● Exercise brief:
The copy should run from the line containing "Geriebene Möhren und Apfel mit Rosinen" through the last line of the entries below, exactly as written, with pictures omitted.

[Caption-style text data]
════════════════════
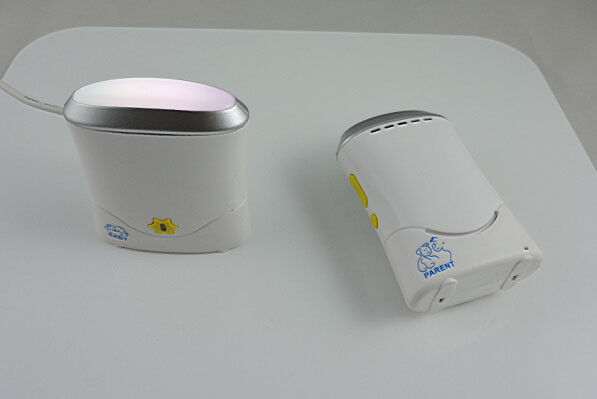 रंगीन एलईडी रोशनी के साथ 2.4GHz वायरलेस डिजिटल ऑडियो बेबी मॉनिटर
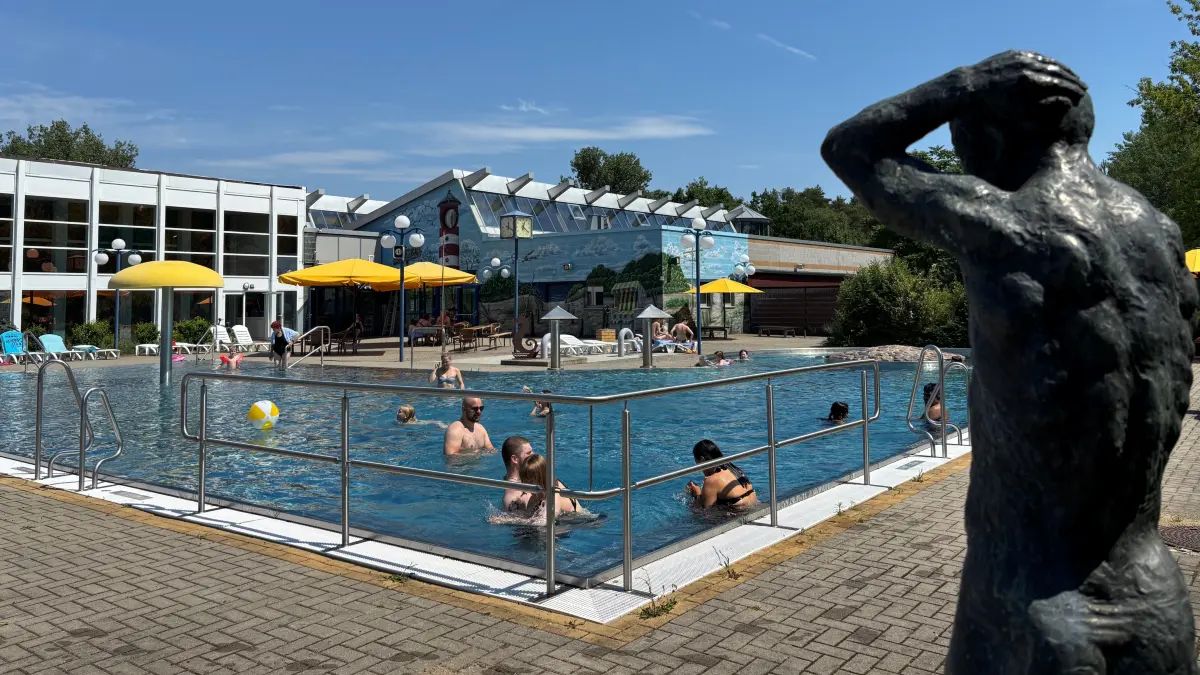 Inselbad Eisenhüttenstadt, Außenbereich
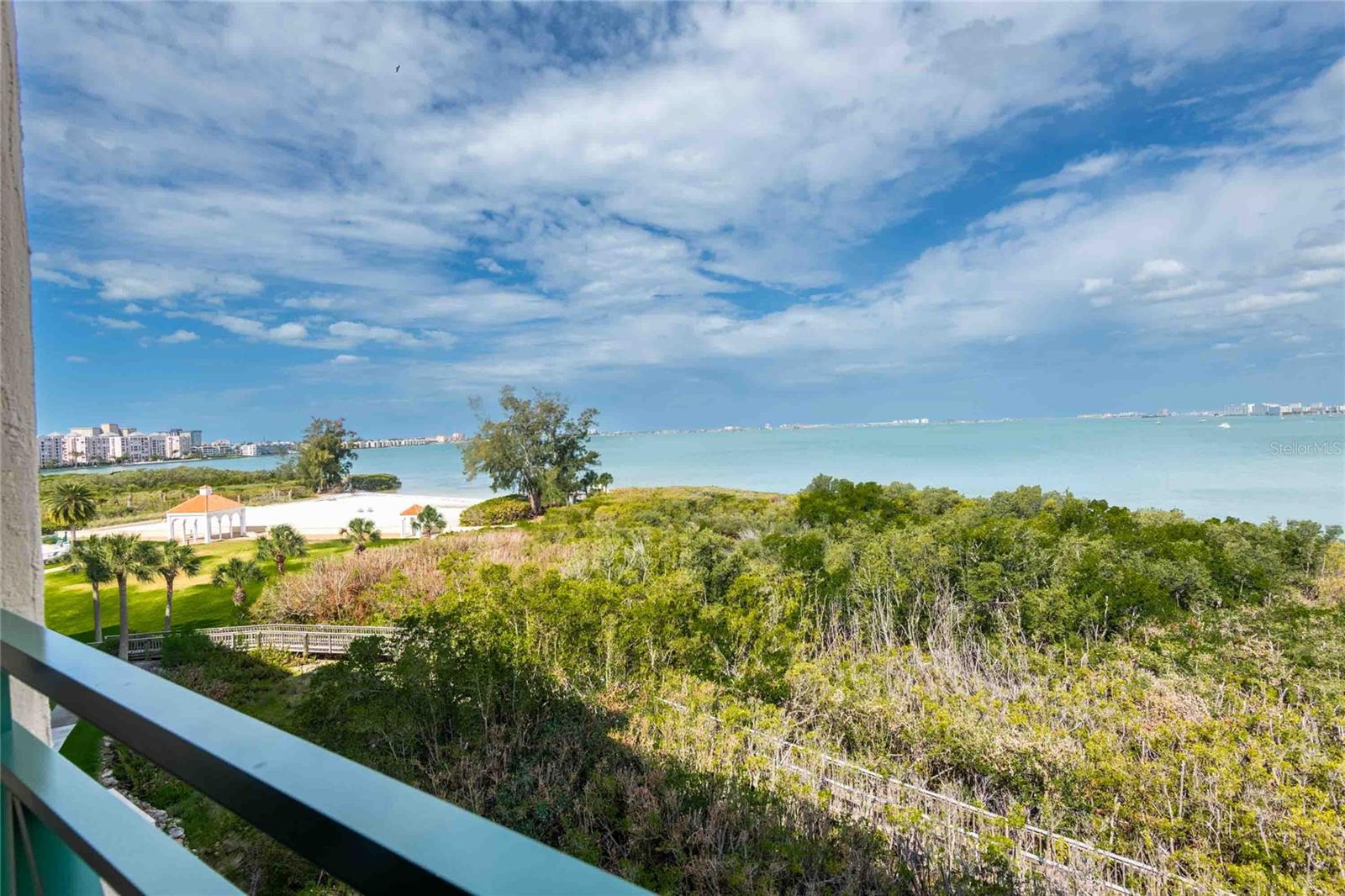 4737 Dolphin Cay Ln, Saint Petersburg, FL 33711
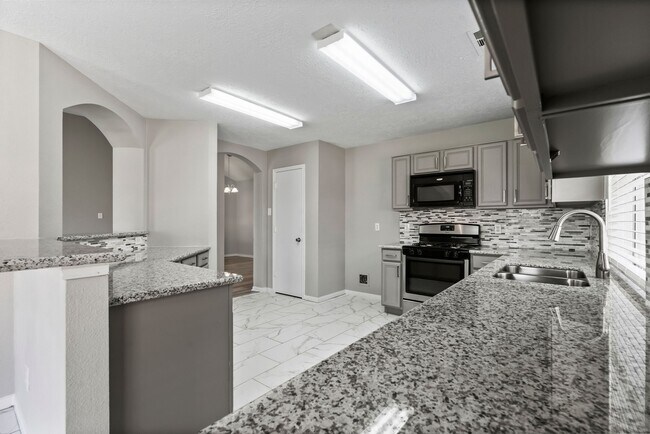 Building Photo - 20418 Cherry Haven Cir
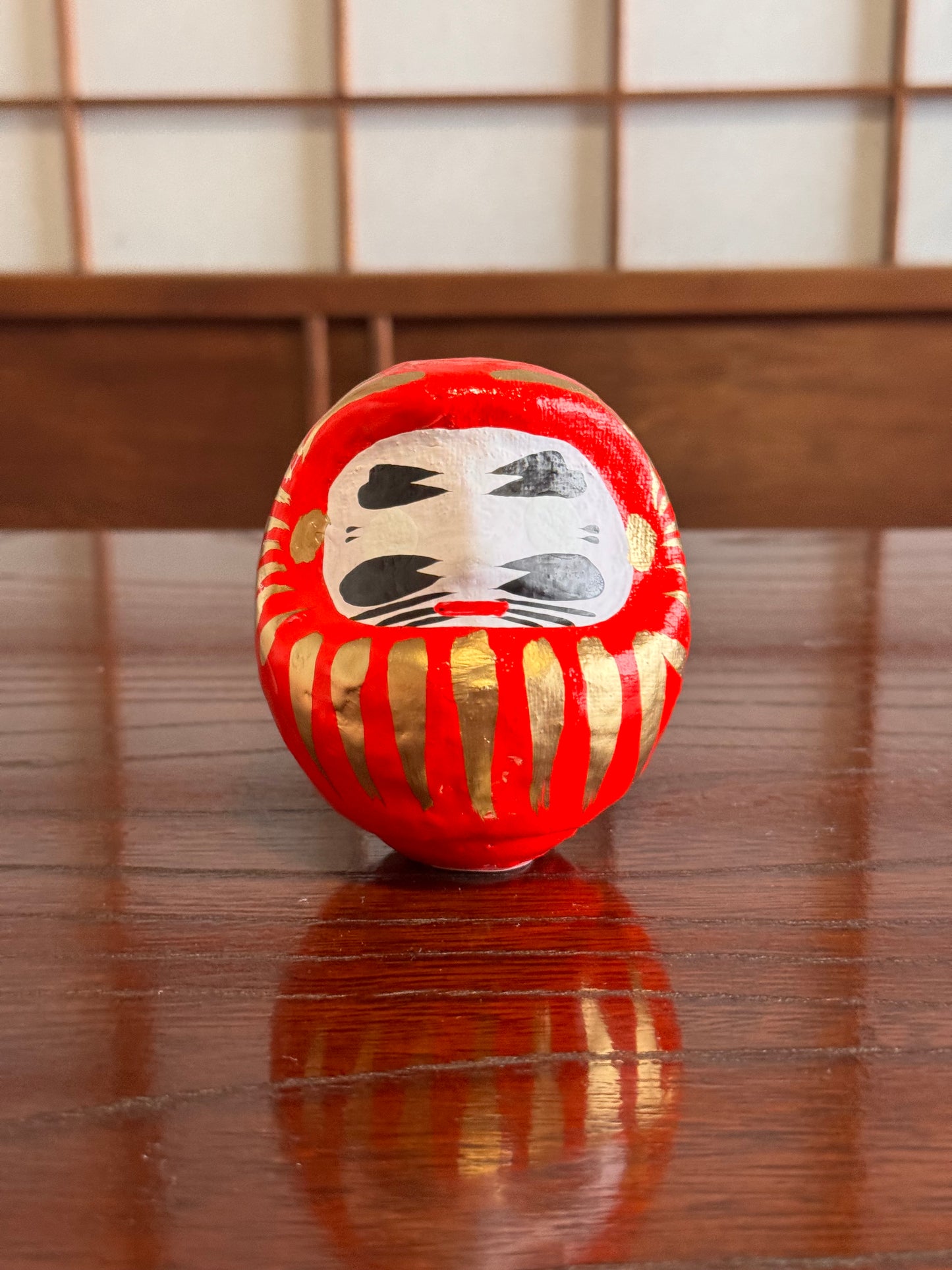 Daruma porte bonheur en papier mâché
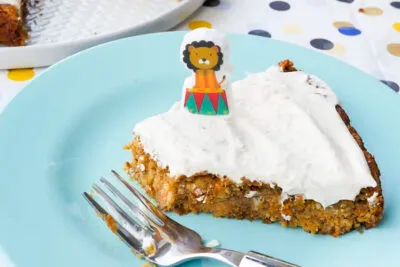 Geriebene Möhren und Apfel mit Rosinen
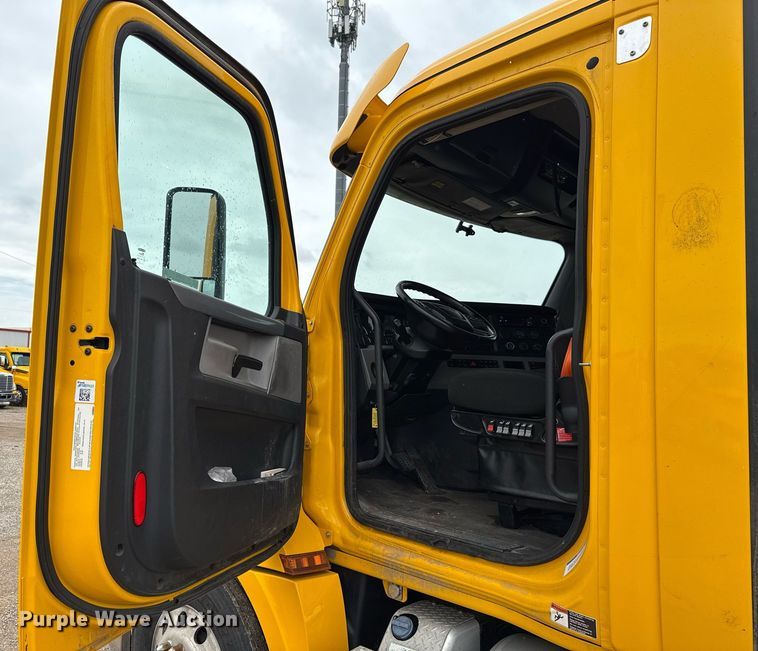 image for item EJ4837 2020 Freightliner Cascadia 126 semi truck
════════════════════
● Written response:
 Geriebene Möhren und Apfel mit Rosinen
 image for item EJ4837 2020 Freightliner Cascadia 126 semi truck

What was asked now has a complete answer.